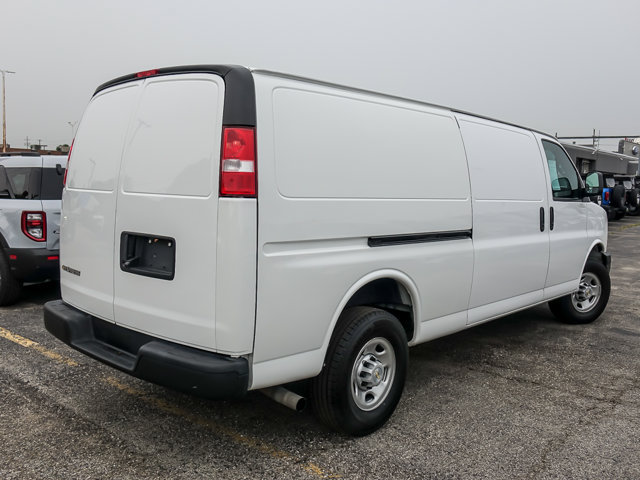 Used 2024 Chevrolet Express 2500 Extended w/ Driver Convenience Package RWD image 8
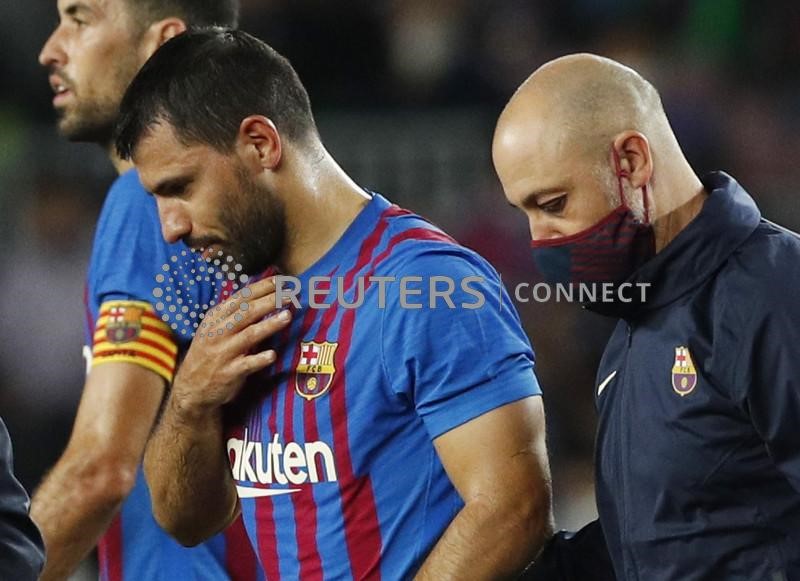 &copy; Reuters. Aguero deixa o campo durante partida do Barcelona contra o Alavés
30/10/2021
REUTERS/Albert Gea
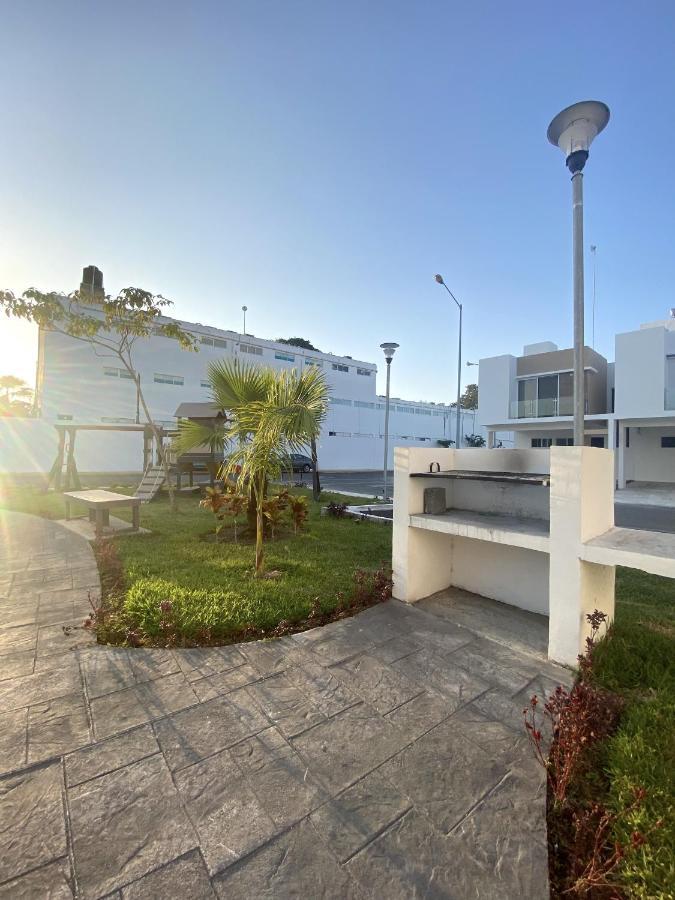 Вилла Casa Familiar Cerca De La Playa Con Terraza Privada Канкун Экстерьер фото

------

→ What is being asked
The records above, minus their pictures, are to be returned verbatim.

→ Written answer
 Used 2024 Chevrolet Express 2500 Extended w/ Driver Convenience Package RWD image 8
 &copy; Reuters. Aguero deixa o campo durante partida do Barcelona contra o Alavés
30/10/2021
REUTERS/Albert Gea
 Вилла Casa Familiar Cerca De La Playa Con Terraza Privada Канкун Экстерьер фото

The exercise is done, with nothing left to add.